Après une campagne électorale qui secoua l’Europe entière [1] le parti de Gauche [2] Syriza vient de remporter une grande victoire en Grèce.

Le peuple grec, laminé par des années d’une austérité aussi violente qu’improductive, dont la majorité en est réduit à la mendicité, avec un taux de chômage fleurant les 30% de la population active, ne peut que se réjouir et nous avec lui de cette première réponse à ce qui semblait être de l’ordre de l’inéluctable.

Lorsqu’une nation souveraine choisit la lutte, ni l’avenir, et surtout, ni le pire ne sont jamais certains.

Il est clair que cette victoire soulève un vent d’espoir parmi celles et ceux qui ailleurs en Espagne, au Portugal, en Italie, au sein de l’UE donc, luttent et tâtonnent contre cette alliance capitaliste qui impose son talon de fer aux peuples.

En France même, et nous y reviendrons, les syndicalistes confrontés aux licenciements, celles et ceux qui se battent contre le TAFTA, la loi Macron et toutes les mesures de régression mises en place par les gouvernements qui se succèdent depuis 30 ans, se félicitent de ce résultat tout en étant interpellés par les débats qu’elle soulève et notamment celui devant lequel le camp progressiste ne peut plus reculer : oui ou non peut-on faire une politique de progrès social dans cette UE et avec ce dispositif monétaire et financier appuyé sur l’euro ? Peut-on refonder l’UE, peut-on faire une « Europe sociale » ou faut-il en finir et repenser totalement autrement l’alliance internationale entre les peuples ?

C’est bien cette position par rapport à l’UE qui était au cœur des élections grecques.

Lors du congrès fondateur de Syriza, en 2013, les dirigeants du parti avaient annoncé clairement leur intention d’« abroger les mémorandums et les lois d’application » et d’annuler les réformes imposées par la troïka [3]. Ils annonçaient même que : « La première étape consistera à rétablir les conditions de travail, les conventions collectives, le salaire minimum, le minimum vieillesse, les indemnités chômage et les allocations familiales au niveau d’avant les mémorandums ». Avant d’ajouter : « Le secteur public étant à nos yeux un levier de reconstruction, tous les employés qui ont été licenciés sont nécessaires et seront donc réembauchés. »

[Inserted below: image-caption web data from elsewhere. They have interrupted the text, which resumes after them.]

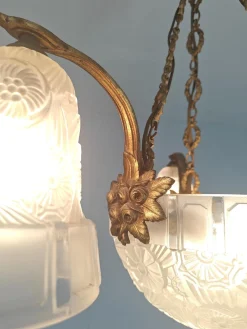 Art Deco Kronleuchter von Hettier & Vincent, France, 1920er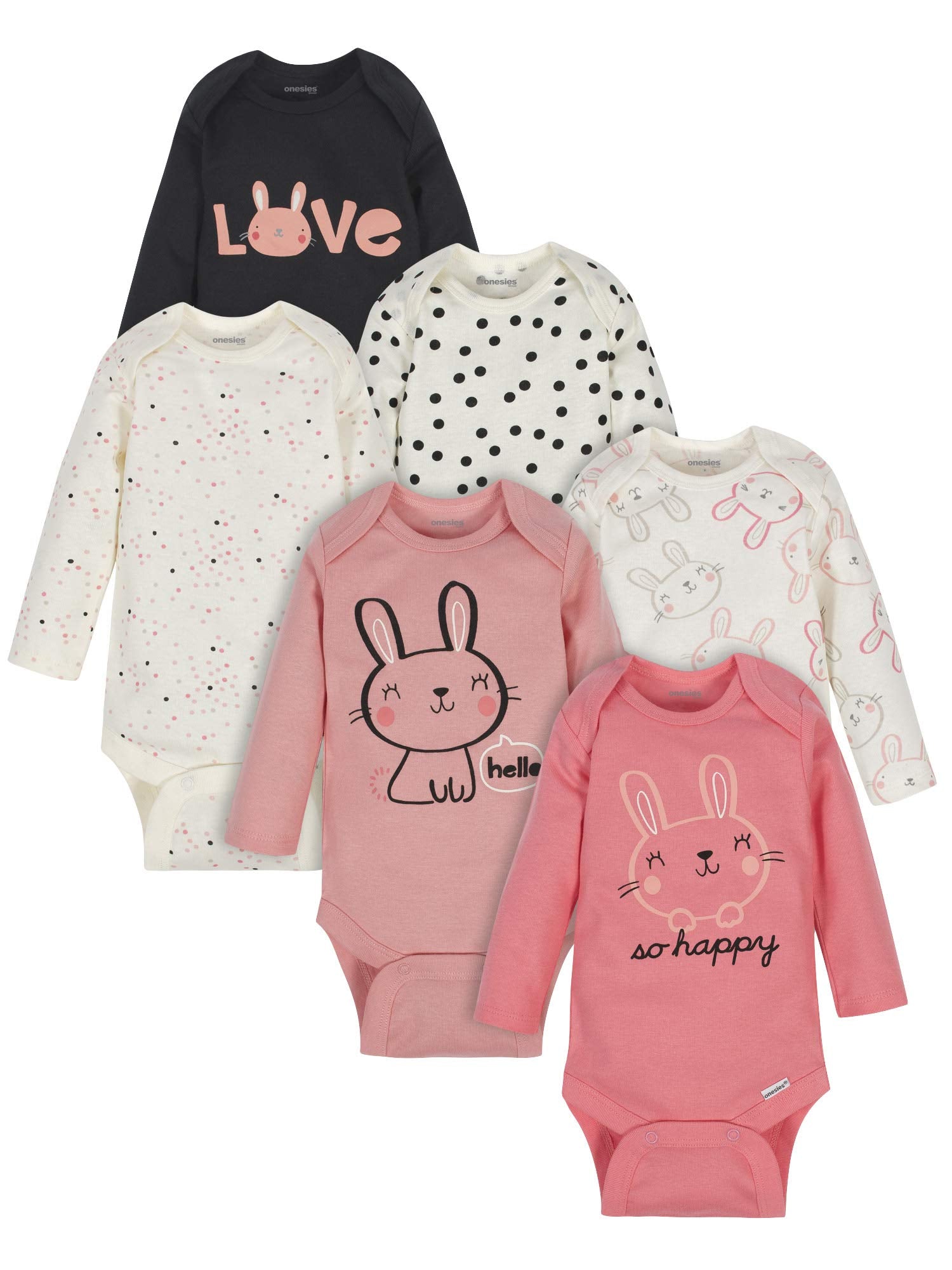 Onesies Brandunisex Baby6-Pack Long Sleeve Bodysuitsbunny Pink6-9 Months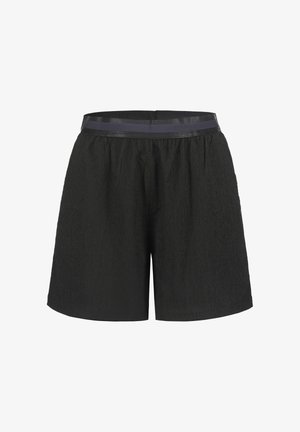 Sorte shorts med en tekstureret overflade, der har en elastisk linning og en glat, mørk kant. Casual design med en løs pasform.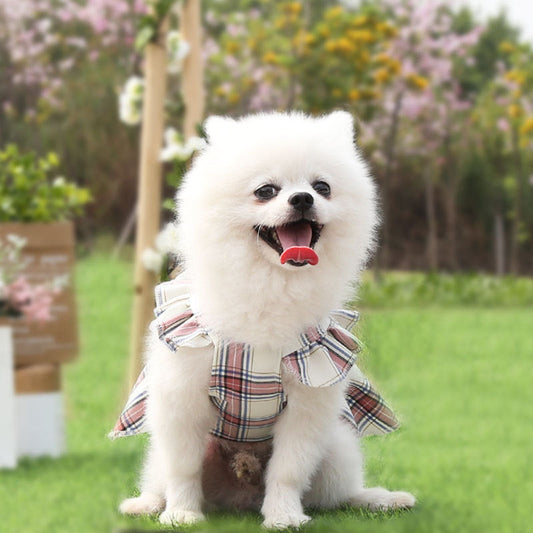 KFX-5894077 Cotton Casual Dog Walking Skirt in Rose Red and Yellow for Small to Medium Sizes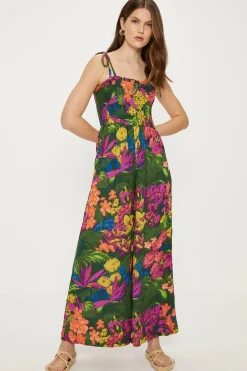 Online Oasis Tropical Print Crinkle Shirred Jumpsuit Multi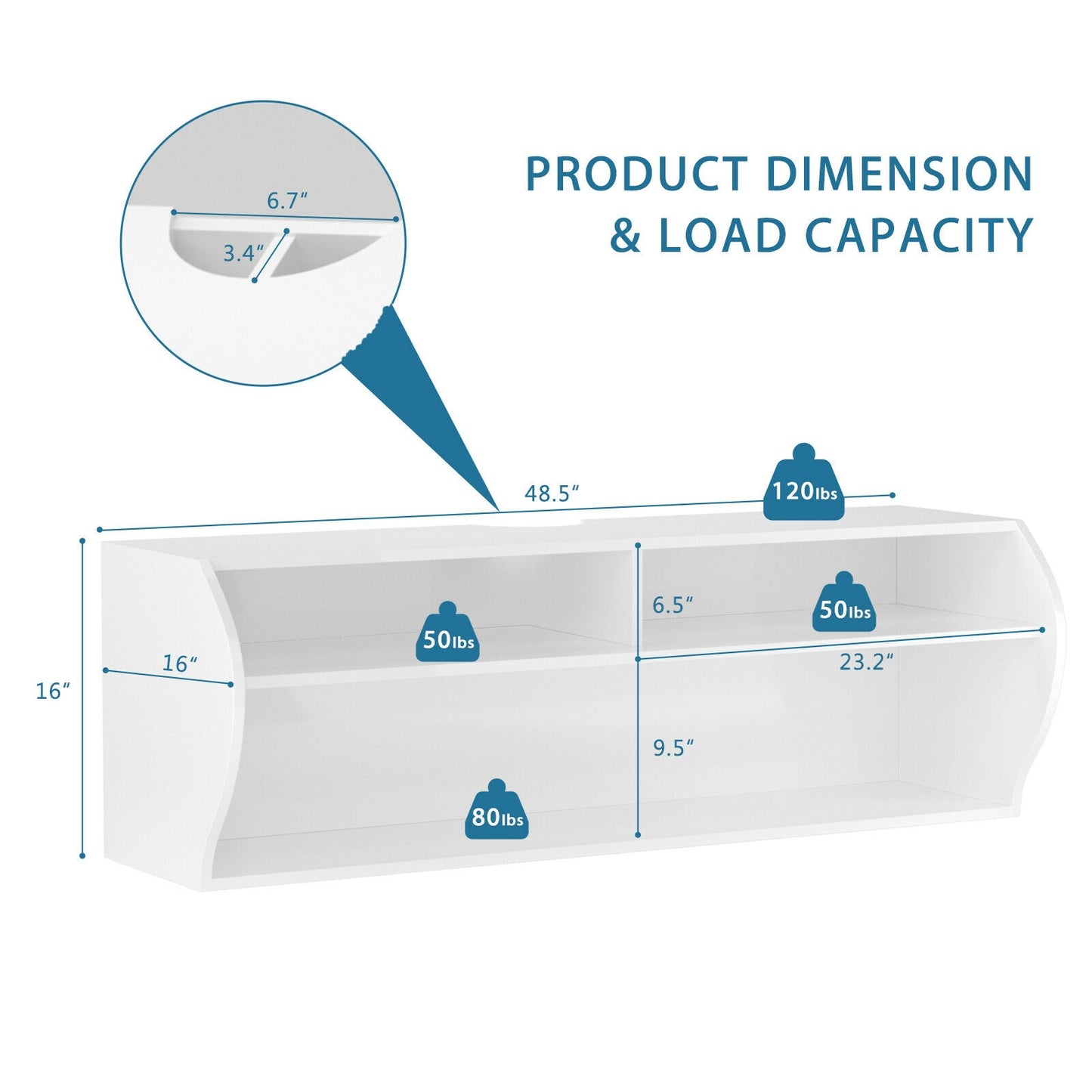 Sleek Wall Mounted Display and Storage Shelf with Open Tiers – White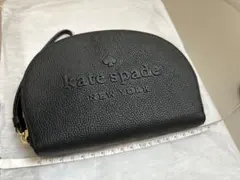 kate spade ブラック レザーポーチ 未使用　クラッチ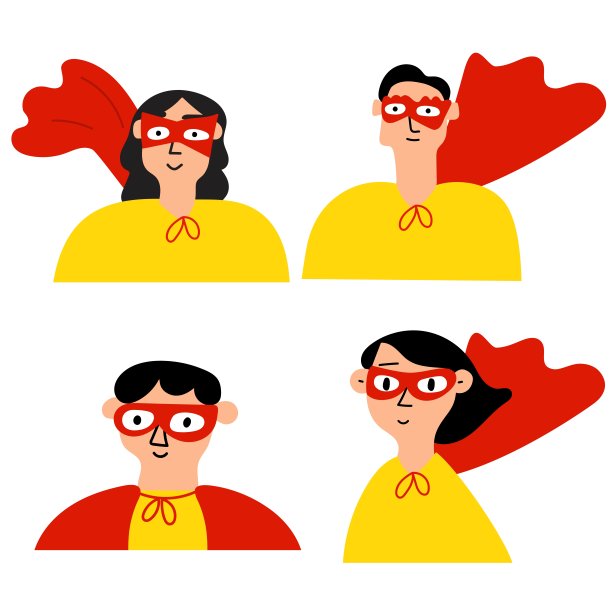 一群穿着超级英雄服装的人。图片下载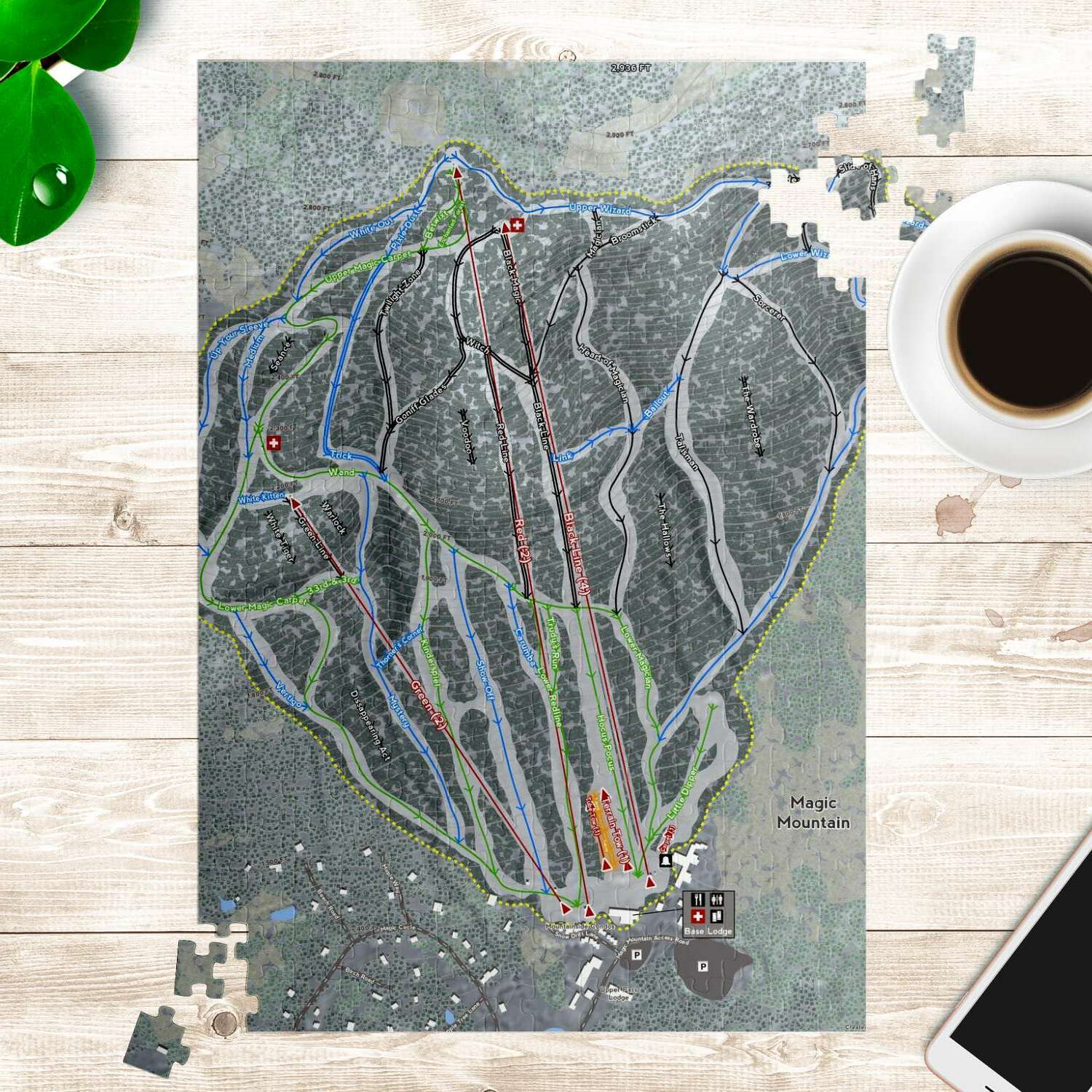 Magic Mountain, Vermont Ski Trail Map Puzzle - Powderaddicts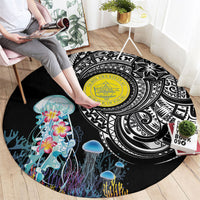 Palau Jellyfish Round Carpet Coral Reef with Polynesian Pattern LT03 - Polynesian Pride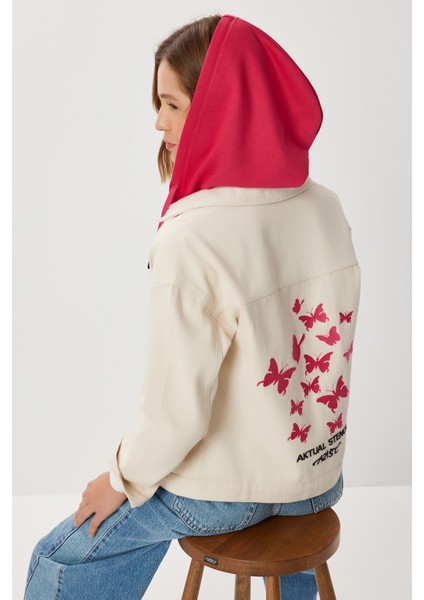 Kontrast Renkli Işlemeli Denim Ceket LSA0019 Krem Pembe fiyatları
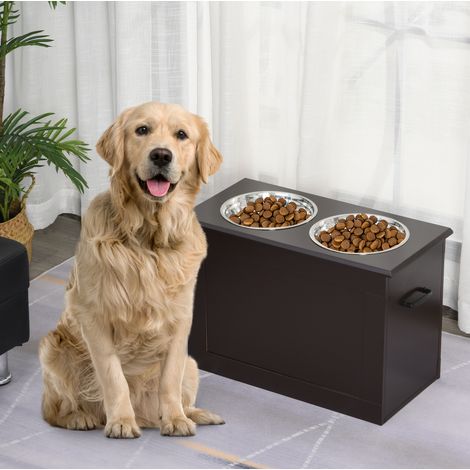 Ciotola rialzata per cani con vano contenitore, 2 ciotole, MDF, 60 x 30 x 41 cm OKMYHOME (1/5)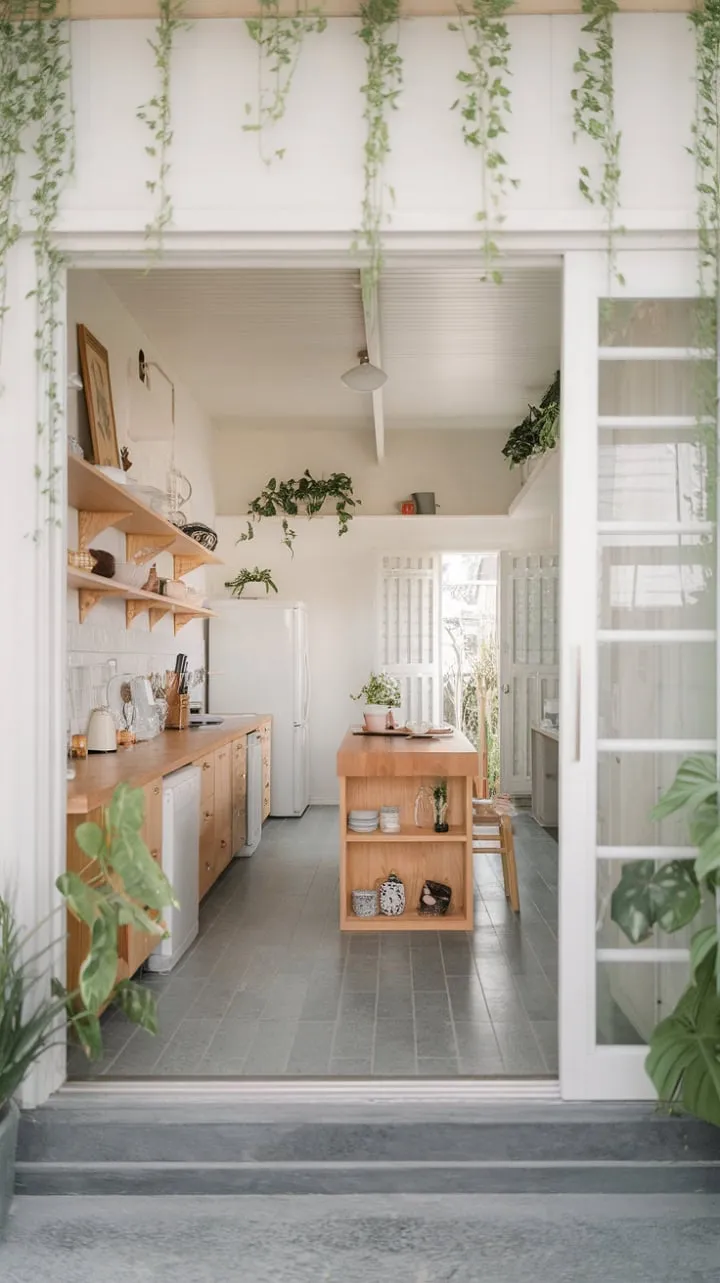 This serene Japandi kitchen harmoniously combines natural light, warm wooden elements, and a splash of vibrant green for a tranquil yet functional space.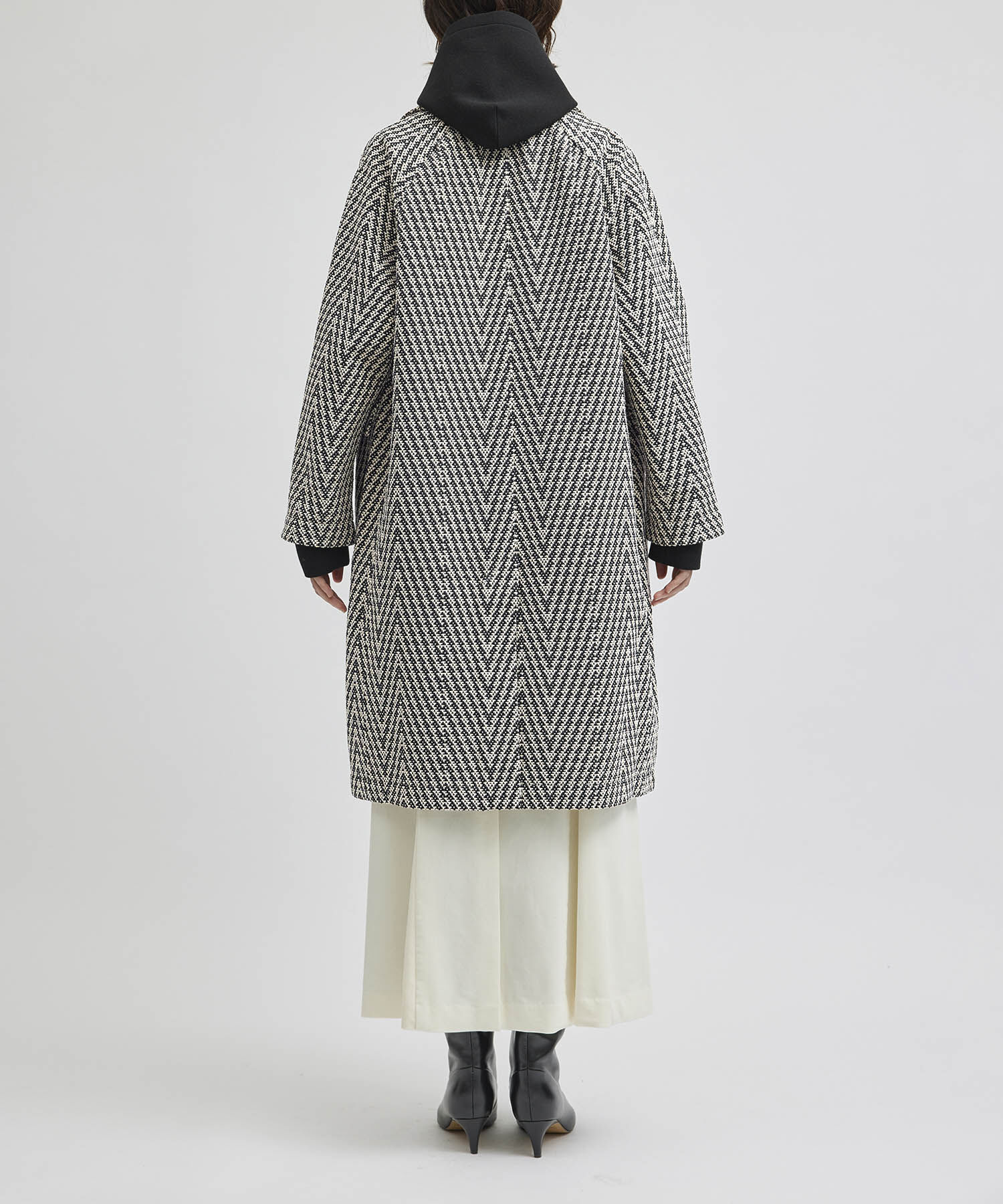 ROPE「【COOHEM】HERRINGBONE TWEED COAT(コーヘン/ヘリンボーンツイードコート)」|ノーカラージャケット|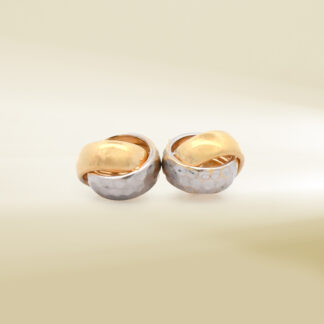 18K Two-Tone Ball Knot Design Earrings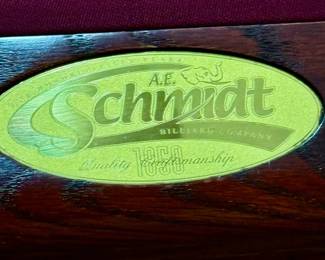 A.E. Schmdt Pool Table label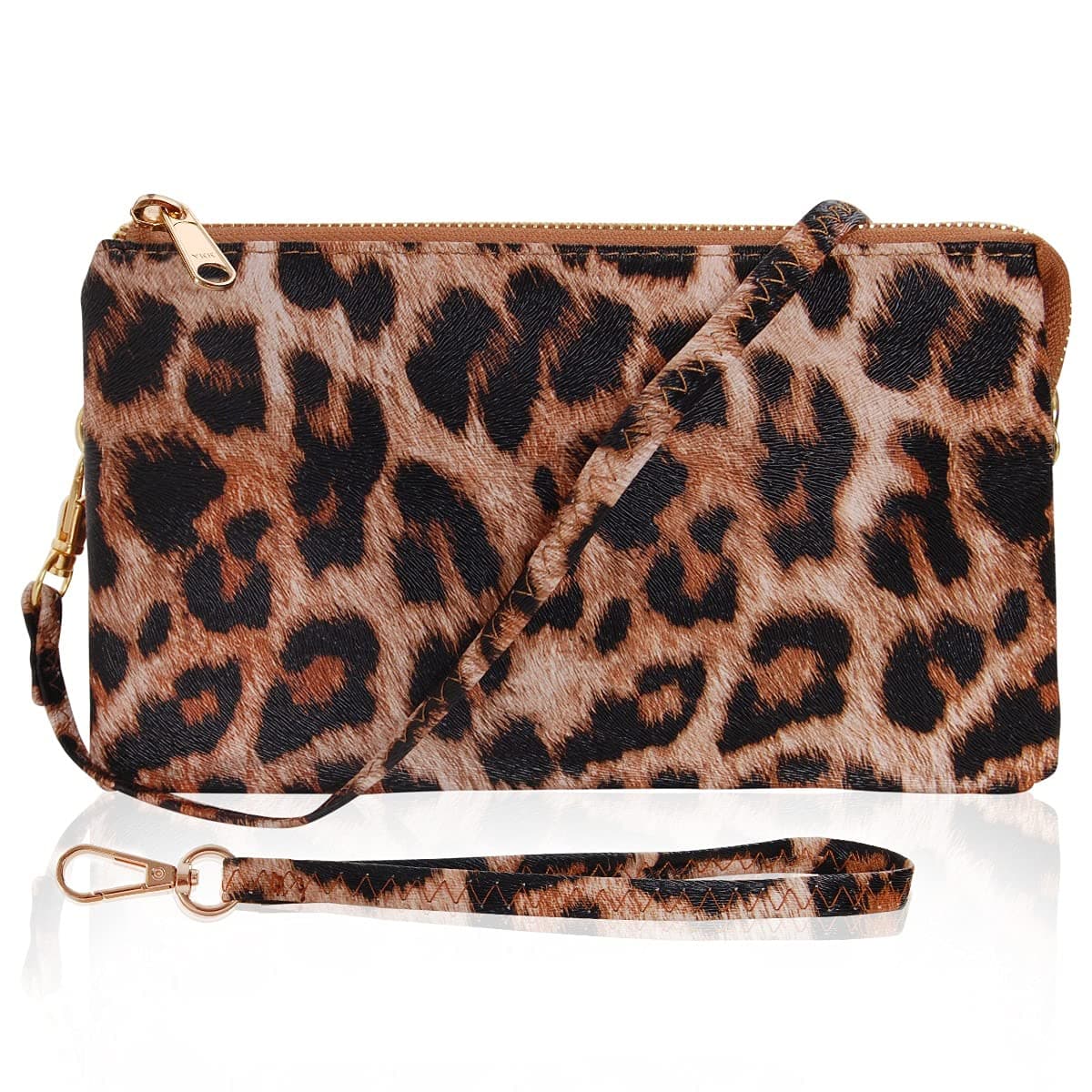 Crossbody Wristlets for Women - Wrist Purse for Women, Clutch with Strap, Vegan Leather Wristlet Clutch Purse, Wallets Small Purses Casual, Wristlet Handbags, Dressy Leopard Wallet, Brown Animal Print
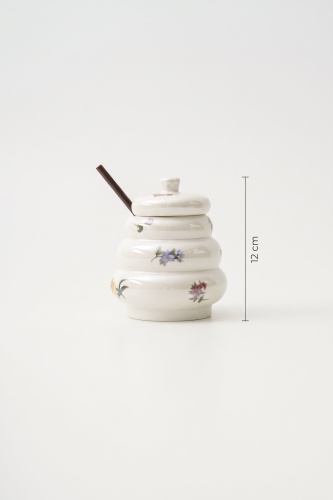 Petit Fleur Bambu Kaşıklı Porselen Bal Kavanozu - 12 cm - 4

On ne peut qu’être d’accord avec cela.

En bref, la position de Syriza était qu’il ne respecterait pas les conditions de l’accord de « sauvetage » et rétablirait de nombreuses dépenses à leur niveau d’avant l’austérité tout en promettant un budget équilibré. Comme il s’est également engagé à annuler des réformes, il se retrouvera avec un énorme trou dans ses finances s’il ne s’attaque pas frontalement au capital, par exemple en s’attaquant aux profits des armateurs (la Grèce est la première flotte marchande du monde).

Depuis il semble que Syriza ait mis de l’eau dans son vin…

Pour son premier discours, après cette victoire, M. Tspiras a précisé qu’il n’y aurait pas d’affrontement d’Athènes avec ses créanciers et que le gouvernement « décevra[it] tous les Cassandre à l’intérieur et à l’extérieur du pays », qui misaient sur un échec. « La Grèce avance avec optimisme dans une Europe qui change », a-t-il ainsi argué.

Auparavant il avait même déclaré qu’il ne souhaitait pas que la Grèce abandonne l’euro, qu’il s’efforcerait de réduire la dette du pays et que la place naturelle de la Grèce était dans l’UE et dans l’OTAN.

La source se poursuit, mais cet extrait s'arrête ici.